The Interfax news agency said emergency workers spotted a fire about 965 kilometres south of Moscow in the region where the second plane went missing.
News agencies quoted security officials saying they could not rule out terrorism, while Rostov prosecutors opened a criminal probe into the crash of the Sibir Airlines Tu-154 en route to the Black Sea resort of Sochi.
"A minute before the plane disappeared from the radar screens the interior ministry received a report from an air traffic controller that there had been an attack on the crew," Interfax quoted an Interior Ministry official as saying.
A spokesman said: "We are considering an act of terror as one possibility, especially after we received an automatically generated message from the Sochi air control centre that the plane had been hijacked."
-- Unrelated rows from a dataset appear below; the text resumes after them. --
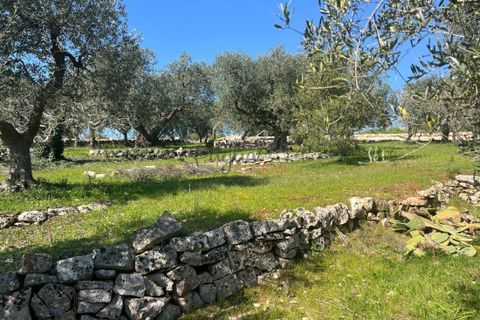 Landejendom i Cisternino, Brindisi, Cisternino - € 58.000 | Ref: 330 - foto 16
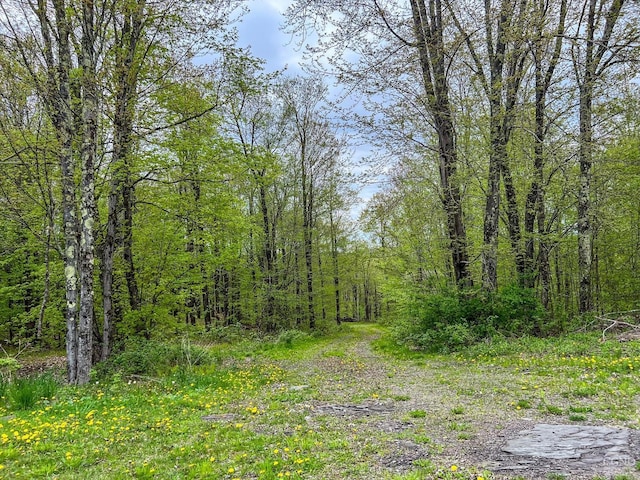 0 State Highway 28, Andes, NY 13731 - photo 49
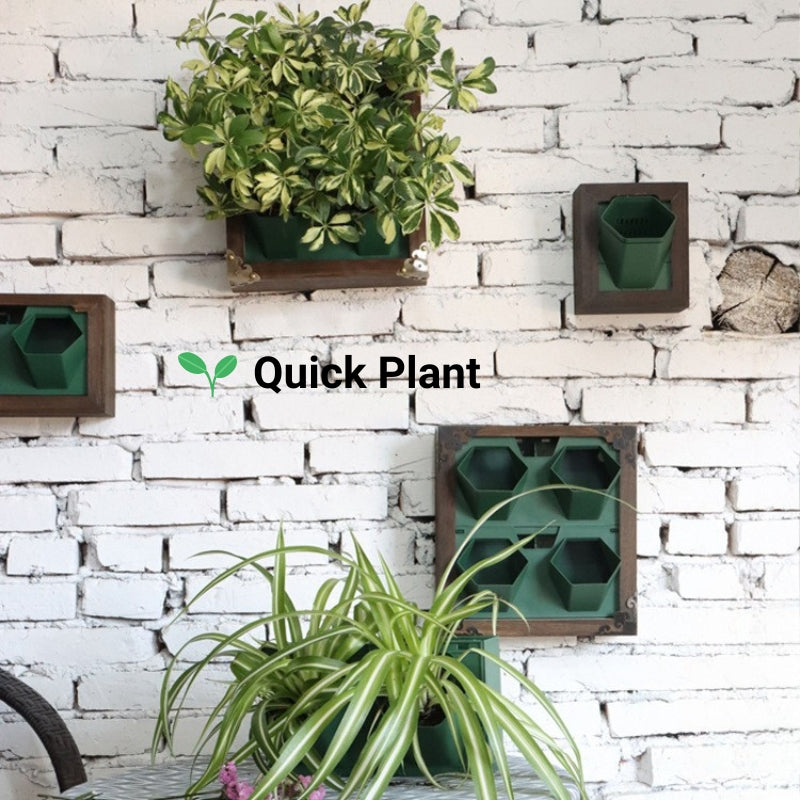 Wall Mounted Photo Frames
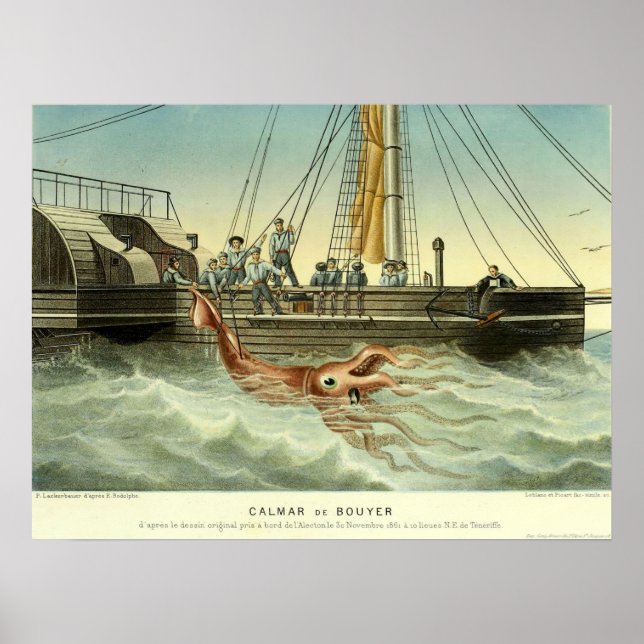 Poster Antique Navire Capturer des calamars géants (Devant)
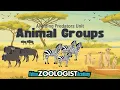 Animal Groups | Why Do Animals Live In Groups?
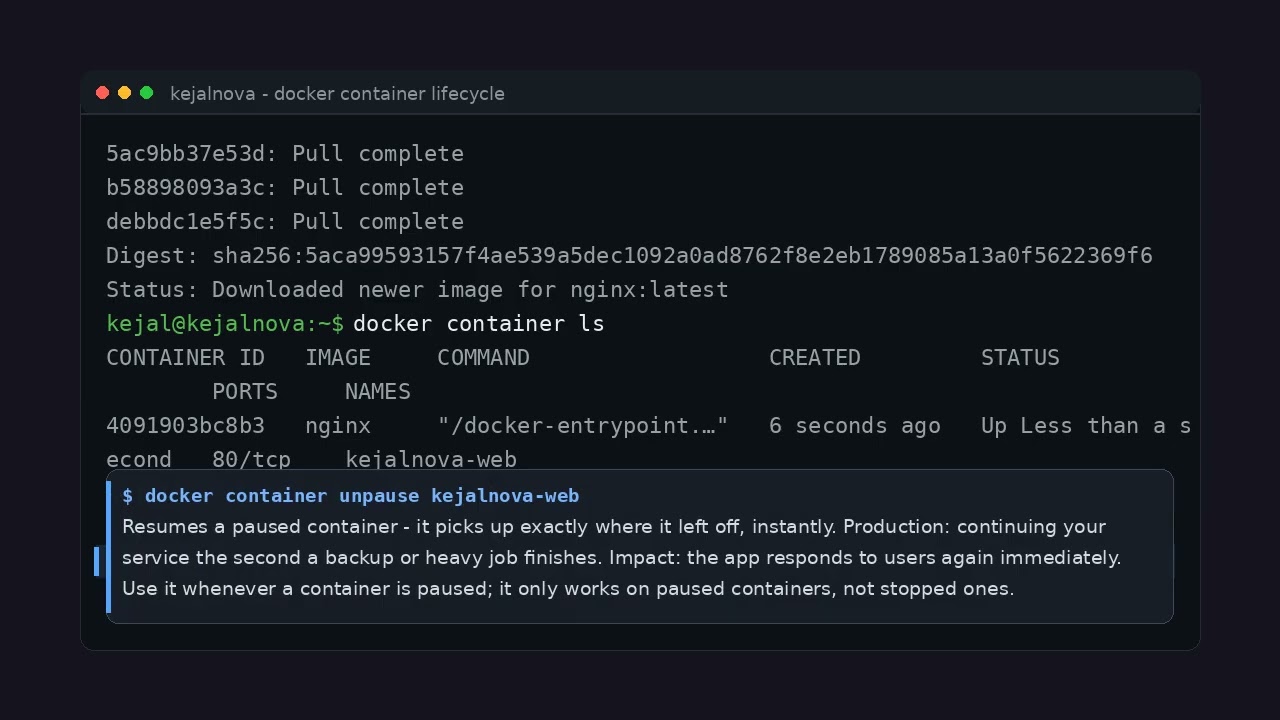 Docker Container Lifecycle Explained: run, pause, stop, restart & remove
The incidents came against a backdrop of mounting violence in Chechnya, where Moscow has been battling separatists for a decade. Rebels launched a major raid in the local capital Grozny last week and have promised more attacks.
The plane which crashed near Tula, operated by Volga-Aviaexpress, came down after nearly reaching its cruising altitude. The company said the plane was in good shape and its passengers had undergone all necessary security checks.
"I rule out pilot error, because even in the most serious conditions which can affect this kind of plane, such as loss of control or fire, the crew always has time to pass on information to the ground," Yuri Dmitriev, director of Volgograd airport, told Russia's Channel One television.
An Emergencies Ministry spokeswoman said there was no chance of anyone surviving as the plane fell from 10,000 metres. Wreckage was spread over several kilometres with some pieces about the size of a car, TV footage showed.
Three minutes after the Volga-Aviaexpress Tu-134 crashed, air traffic controllers lost contact with the Sibir Tu-154. Its wreckage was not found until yesterday morning.
Emergencies Minister Sergei Shoigu told Russian television that nearly all of the victims' bodies had been found, and flight recorders from both planes had been recovered.
Details of crashed planes
Below is key information about the two flights:
Moscow-Sochi:
Airline: Sibir Airlines
Flight number: 1047
Aircraft type: Tu-154
Passengers: 46 people including eight crew
Left Moscow's Domodedovo airport at 9:35 pm (1735 GMT)
Contact lost at 10:59 pm (1859 GMT)
Estimated crash location: about 140 kilometres from the city of Rostov-on-Don, near the Ukrainian border.
Moscow-Volgograd:
Airline: Volga-Aviaexpress
Flight number: 1303
Aircraft type: Tu-134
Passengers: 43 including eight crew
Left Moscow's Domodedovo airport at 10:15 pm (1815 GMT)
Contact lost at 10:56 pm (1856 GMT)
Estimated crash location: Tula region, near the village of Buchalka.